------ Records supplied ------

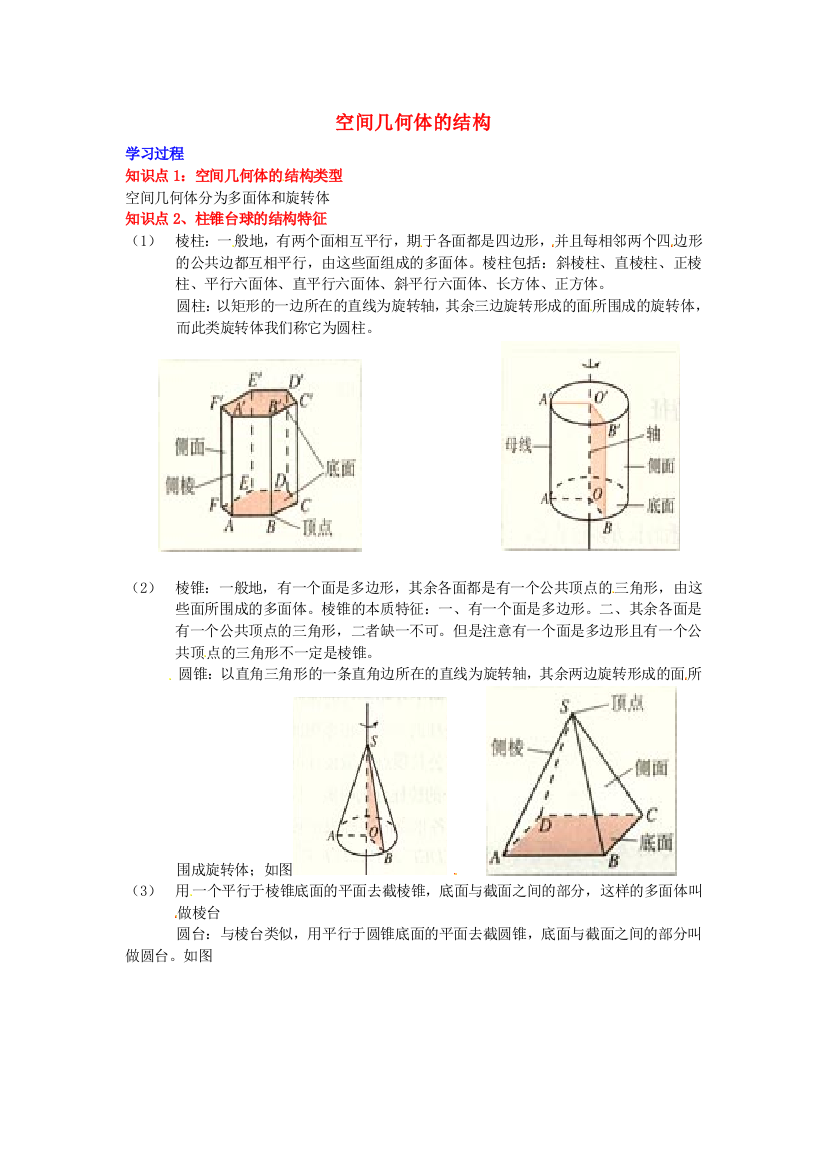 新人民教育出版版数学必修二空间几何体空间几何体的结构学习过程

------
------ Records supplied ------

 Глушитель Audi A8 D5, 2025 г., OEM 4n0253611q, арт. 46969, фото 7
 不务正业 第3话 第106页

------

In the records above, find the line with "Глушитель Audi A8"; write out exactly that line and each one after it, stopping after the line with "不务正业 第3话 第106页".

 Глушитель Audi A8 D5, 2025 г., OEM 4n0253611q, арт. 46969, фото 7
 不务正业 第3话 第106页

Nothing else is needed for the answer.